Q - Of course, your band, The New Folk, recently released its debut album, "Sea Fever." In sitting down to make the album, what goals did you have and do you think you accomplished them?


When first sitting down with producer Manny Sanchez, we talked a lot about making sure this album was going to be radio-ready — that was something I feel I hadn't had from my previous albums. 

Also, I wanted to expand on the sound that I had previously achieved in the studio, opting for a more pop approach to the songwriting and production, and I feel we achieved those things.


 

Q - How do you think the band has evolved since its formation? Where do you see the band fitting into the Chicago music scene?

The band has evolved quite a bit since we started in 2007 as a quartet. Bob Parlier, Graham Burris, Sam Smiley and I first got together when I needed musicians for an EP I did in 2007, which led to another EP in 2008. 


From there, we started playing shows. Then, in 2008, when in the studio I added a second vocalist and strings and horns to our sound [it] increased the size of the band from 4 to 9, and we played as a 9-piece for two years until we began recording "Sea Fever." 

The band has evolved once again as our original guitarist Sam Smiley has moved away and in lieu of strings and horns for every show, we've added Chris (our former Cello player) on guitar and Shane (who engineered the album) on guitar and keys.

The music scene in Chicago is similar to Chicago itself in that there are so many different music communities within the scene as a whole—similar to the neighborhoods of Chicago—that fitting in is somewhat a relative thing. I describe our sound as “Alternative/Folk/Pop” and we have done really well at clubs that showcase those styles, such as Lincoln Hall, Schuba’s and Double Door.

Q - You will be hosting a month-long residency at Uncommon Ground in January. Was that another goal of yours? What do you think of the bands you will be supporting?

I actually hosted a similar residency at Uncommon Ground back in 2008, so it was something I wanted to return to.
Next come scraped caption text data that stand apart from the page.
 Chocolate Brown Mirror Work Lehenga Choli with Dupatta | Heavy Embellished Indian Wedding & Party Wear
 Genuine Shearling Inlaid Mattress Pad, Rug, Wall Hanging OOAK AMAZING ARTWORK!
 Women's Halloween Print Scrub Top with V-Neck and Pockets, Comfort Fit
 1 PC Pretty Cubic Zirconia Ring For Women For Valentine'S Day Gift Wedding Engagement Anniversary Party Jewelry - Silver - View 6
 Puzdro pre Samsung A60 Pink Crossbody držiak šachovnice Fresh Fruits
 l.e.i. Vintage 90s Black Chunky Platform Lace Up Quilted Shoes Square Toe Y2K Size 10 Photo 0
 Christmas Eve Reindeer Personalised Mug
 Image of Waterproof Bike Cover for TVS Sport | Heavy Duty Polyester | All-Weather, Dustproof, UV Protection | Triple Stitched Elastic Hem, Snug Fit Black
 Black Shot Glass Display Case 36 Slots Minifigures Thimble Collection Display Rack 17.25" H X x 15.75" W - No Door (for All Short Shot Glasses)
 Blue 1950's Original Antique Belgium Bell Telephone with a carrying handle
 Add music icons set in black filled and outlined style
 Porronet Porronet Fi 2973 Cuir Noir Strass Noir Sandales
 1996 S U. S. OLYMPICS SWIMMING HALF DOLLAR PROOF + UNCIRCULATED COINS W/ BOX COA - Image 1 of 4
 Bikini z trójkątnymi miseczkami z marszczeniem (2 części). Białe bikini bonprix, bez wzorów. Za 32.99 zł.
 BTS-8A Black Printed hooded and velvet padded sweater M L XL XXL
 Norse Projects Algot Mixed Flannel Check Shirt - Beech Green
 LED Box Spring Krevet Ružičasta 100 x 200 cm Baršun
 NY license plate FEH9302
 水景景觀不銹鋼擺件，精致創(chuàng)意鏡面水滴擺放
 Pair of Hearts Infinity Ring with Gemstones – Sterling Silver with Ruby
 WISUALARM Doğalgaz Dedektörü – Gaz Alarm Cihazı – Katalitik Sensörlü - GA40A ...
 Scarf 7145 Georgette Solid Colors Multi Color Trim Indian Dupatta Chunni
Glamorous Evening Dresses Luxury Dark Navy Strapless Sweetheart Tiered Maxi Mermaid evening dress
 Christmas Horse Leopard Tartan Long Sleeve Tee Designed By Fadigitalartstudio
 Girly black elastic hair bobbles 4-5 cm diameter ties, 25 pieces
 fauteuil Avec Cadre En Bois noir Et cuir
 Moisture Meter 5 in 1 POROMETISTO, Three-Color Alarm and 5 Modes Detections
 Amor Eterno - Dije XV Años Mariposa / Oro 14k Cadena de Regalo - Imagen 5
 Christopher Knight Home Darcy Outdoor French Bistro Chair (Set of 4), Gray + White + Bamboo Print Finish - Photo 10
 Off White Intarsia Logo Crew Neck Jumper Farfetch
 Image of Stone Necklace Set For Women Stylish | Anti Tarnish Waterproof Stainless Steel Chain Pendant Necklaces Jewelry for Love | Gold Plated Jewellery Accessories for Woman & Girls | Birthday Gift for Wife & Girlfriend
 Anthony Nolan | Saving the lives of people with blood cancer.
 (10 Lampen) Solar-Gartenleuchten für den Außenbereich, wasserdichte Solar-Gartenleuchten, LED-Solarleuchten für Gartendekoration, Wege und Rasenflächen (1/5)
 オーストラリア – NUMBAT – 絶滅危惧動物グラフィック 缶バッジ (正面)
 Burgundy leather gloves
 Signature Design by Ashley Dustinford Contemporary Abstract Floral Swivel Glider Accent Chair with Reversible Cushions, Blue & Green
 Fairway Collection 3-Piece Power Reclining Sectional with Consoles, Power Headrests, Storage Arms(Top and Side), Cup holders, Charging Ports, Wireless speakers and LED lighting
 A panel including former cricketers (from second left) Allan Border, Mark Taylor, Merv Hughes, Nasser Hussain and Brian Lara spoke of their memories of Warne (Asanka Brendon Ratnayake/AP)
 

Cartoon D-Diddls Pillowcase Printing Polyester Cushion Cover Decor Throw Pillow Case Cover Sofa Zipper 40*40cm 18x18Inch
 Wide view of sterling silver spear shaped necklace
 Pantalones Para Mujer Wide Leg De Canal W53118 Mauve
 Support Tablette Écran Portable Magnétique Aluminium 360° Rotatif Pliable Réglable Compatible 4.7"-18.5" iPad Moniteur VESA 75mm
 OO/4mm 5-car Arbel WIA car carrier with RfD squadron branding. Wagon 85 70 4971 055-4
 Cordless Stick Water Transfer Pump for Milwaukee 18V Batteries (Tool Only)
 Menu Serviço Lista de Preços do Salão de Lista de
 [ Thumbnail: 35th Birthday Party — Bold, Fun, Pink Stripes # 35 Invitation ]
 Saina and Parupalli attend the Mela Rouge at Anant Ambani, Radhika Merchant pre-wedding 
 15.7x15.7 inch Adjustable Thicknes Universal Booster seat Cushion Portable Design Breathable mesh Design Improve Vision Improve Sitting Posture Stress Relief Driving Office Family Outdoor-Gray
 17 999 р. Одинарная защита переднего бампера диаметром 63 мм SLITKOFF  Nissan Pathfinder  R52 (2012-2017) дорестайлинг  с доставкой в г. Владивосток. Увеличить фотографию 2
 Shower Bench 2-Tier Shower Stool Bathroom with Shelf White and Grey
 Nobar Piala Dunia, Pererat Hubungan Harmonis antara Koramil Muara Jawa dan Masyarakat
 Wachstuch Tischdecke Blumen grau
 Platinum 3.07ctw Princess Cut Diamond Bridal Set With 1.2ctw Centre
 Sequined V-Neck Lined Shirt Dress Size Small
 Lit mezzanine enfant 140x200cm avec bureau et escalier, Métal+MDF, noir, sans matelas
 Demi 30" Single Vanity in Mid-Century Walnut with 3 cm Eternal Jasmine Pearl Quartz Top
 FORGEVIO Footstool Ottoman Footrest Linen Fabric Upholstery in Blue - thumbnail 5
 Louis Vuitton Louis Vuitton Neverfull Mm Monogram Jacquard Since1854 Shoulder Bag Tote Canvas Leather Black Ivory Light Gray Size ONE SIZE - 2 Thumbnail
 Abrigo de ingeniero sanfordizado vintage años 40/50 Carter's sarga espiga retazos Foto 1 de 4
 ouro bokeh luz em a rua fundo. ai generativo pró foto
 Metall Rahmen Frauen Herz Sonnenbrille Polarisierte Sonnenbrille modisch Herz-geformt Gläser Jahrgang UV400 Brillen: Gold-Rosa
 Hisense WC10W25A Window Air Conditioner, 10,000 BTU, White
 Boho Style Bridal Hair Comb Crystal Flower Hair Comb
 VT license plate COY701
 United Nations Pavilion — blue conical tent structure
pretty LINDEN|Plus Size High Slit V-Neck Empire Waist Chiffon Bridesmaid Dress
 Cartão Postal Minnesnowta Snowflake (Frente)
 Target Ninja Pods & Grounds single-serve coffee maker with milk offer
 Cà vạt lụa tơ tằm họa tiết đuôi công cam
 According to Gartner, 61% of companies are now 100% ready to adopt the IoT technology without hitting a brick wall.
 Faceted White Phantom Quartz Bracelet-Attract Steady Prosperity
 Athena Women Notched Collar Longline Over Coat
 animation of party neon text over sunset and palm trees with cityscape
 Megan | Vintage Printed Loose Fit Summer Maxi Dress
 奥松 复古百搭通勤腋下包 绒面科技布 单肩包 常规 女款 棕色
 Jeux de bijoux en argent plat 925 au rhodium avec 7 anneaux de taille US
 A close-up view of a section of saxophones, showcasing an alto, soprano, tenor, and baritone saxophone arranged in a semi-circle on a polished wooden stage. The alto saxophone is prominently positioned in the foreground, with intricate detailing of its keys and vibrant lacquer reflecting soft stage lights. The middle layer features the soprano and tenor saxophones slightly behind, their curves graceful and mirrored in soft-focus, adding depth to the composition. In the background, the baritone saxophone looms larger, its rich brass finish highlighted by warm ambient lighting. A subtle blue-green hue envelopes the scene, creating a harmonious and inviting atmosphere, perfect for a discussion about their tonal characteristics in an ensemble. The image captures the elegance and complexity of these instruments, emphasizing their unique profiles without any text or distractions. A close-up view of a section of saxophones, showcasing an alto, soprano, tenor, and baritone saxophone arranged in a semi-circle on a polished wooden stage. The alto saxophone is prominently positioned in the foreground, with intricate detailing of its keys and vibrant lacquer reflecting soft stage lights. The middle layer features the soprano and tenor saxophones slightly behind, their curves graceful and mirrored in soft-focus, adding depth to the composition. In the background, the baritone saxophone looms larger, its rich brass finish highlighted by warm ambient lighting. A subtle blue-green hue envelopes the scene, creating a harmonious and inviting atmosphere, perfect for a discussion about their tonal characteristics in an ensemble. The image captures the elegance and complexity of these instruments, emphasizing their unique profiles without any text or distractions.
I have been playing at Uncommon Ground since I started out in 2005 and have formed a really great relationship with the club and the owners. 


It had been a while since I played there so I thought it would be a really nice thing to do, especially in January since it will be cold outside and Uncommon Ground has such a warm and intimate atmosphere.

All of the artists joining me are friends of mine who I've done shows with in the past and each night is going to be something different. We're going to have Tom Schraeder, Miles Nielsen, The Lims and Shuma.
 



Q - I understand friends convinced you to audition for "The Voice." Were you satisfied with how far you went on the show? What did you learn from the experience?

That's right. When the first season of the show ended, I had two friends tell me about it and that I should try out for the second season. 


I had never seen the show, so I caught a couple of reruns and thought it was a really cool concept. So when the auditions came through Chicago I decided to go for it. 

I made it through a couple of call backs, but ultimately did not make the show. But I decided to watch from the beginning of the season to see what it was really all about. 

I ended up loving the show and when I heard season three auditions were coming back through Chicago I decided to go for it again. 


Actually, at first I wasn't sure the timing was going to be right as I was not completely finished with "Sea Fever," but ultimately decided that it was too big an opportunity to pass up.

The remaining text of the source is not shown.